Information provided: Begin
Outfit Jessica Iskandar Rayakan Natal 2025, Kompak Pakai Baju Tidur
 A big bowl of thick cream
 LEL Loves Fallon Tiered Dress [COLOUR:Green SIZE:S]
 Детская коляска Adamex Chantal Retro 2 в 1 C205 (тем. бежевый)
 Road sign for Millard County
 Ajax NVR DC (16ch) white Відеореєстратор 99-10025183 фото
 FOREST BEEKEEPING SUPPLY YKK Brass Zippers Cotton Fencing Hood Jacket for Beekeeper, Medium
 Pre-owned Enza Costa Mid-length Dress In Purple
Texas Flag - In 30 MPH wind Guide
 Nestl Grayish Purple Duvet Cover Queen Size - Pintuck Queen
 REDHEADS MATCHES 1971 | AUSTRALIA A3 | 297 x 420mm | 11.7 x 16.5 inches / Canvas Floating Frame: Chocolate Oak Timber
Information provided: End
→ Problem details:
Please write out the entries above in full, exactly as they read.

→ Response to the task:
Outfit Jessica Iskandar Rayakan Natal 2025, Kompak Pakai Baju Tidur
 A big bowl of thick cream
 LEL Loves Fallon Tiered Dress [COLOUR:Green SIZE:S]
 Детская коляска Adamex Chantal Retro 2 в 1 C205 (тем. бежевый)
 Road sign for Millard County
 Ajax NVR DC (16ch) white Відеореєстратор 99-10025183 фото
 FOREST BEEKEEPING SUPPLY YKK Brass Zippers Cotton Fencing Hood Jacket for Beekeeper, Medium
 Pre-owned Enza Costa Mid-length Dress In Purple
Texas Flag - In 30 MPH wind Guide
 Nestl Grayish Purple Duvet Cover Queen Size - Pintuck Queen
 REDHEADS MATCHES 1971 | AUSTRALIA A3 | 297 x 420mm | 11.7 x 16.5 inches / Canvas Floating Frame: Chocolate Oak Timber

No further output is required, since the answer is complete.